Cooking for blokes.

Every now and then, if it is raining so we cannot get out in the garden and Long Suffering Wife has exhausted her list of things that need doing round the house, I get the urge to be creative and cook something. More specifically, I feel the need to make a batch of soup, an endeavour tolerated by L.S.W. with various caveats - that I must not use the wotzit pan, use too much butter or put in too much salt, among others.

This recipe obviously came out of a book or magazine at some point but I have forgotten the source and indeed all the quantities and probably some of the ingredients, but this works. And it is delicious.

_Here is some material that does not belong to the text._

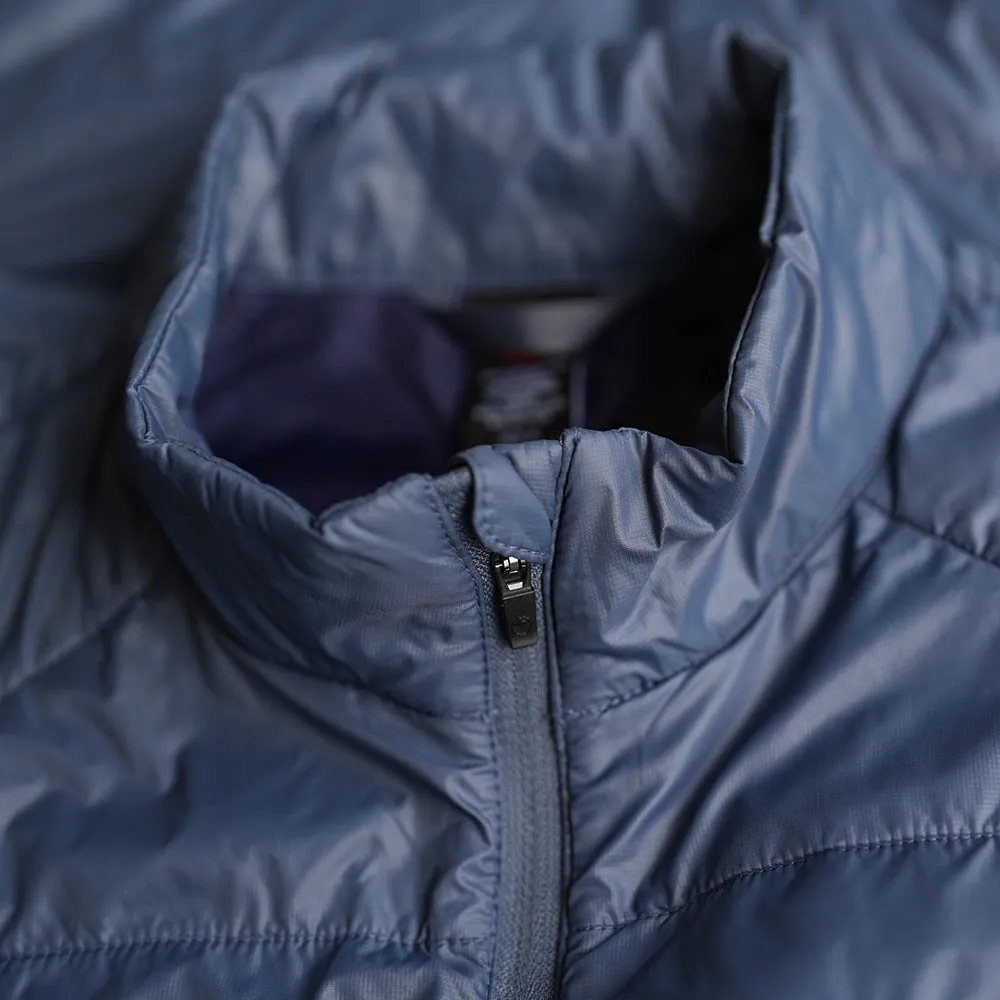 Womens Packable Insulated Jacket (Denim/Navy)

All you need is a very large, sharp knife, a chopping board, a pan and the ingredients. Making this soup allows endless scope for chopping stuff up into small pieces with a swift machine gun like rat-tat tat of the knife like all the more macho TV chefs do. Preparing all the vegetables is immensely satisfying and can be quite cathartic.

A word about quantities: aim to fill the pan about three quarters of the way to the top and use roughly equal amounts of everything apart from the tomatoes. Every time I make this soup it is different as the quantities vary, but it always tastes good.

Start by melting some butter on a very low heat while you chop up some onions. Sauté these until they are soft while you chop up some celery. Stir in the chopped celery so it is coated in the butter and do the same for a chopped cooking apple and lots and lots of tomatoes. Nothing needs to be peeled.

Now add a glass of good dry sherry, a pinch of ginger and a grating of nutmeg and black pepper. Give it a good stir and leave it to cook very slowly in the juices that will come out of the tomato. I like to cover the top of the vegetables with greaseproof paper before putting the lid on the pan.

Now go away and do something else for forty minutes, or an hour… it doesn’t come to much harm if it is neglected for a while. Eventually you will need to add some stock, which can be chicken stock or a vegetable stock using a bouillon powder. Next you will need one of those machines that whiz everything together into a thick liquid. Add salt at this point to your taste and out of view of the salt police. Finally the liquid needs to be pushed through a large sieve using the back of a ladle and all the bits of stringy celery, tomato pips and apple stalks discarded, leaving behind a smooth, very distinctive and piquant tomato soup.

“Can I have my kitchen back now?” Long suffering Wife will say, surveying the scene of my labours “I hope you were not going to leave it like this!”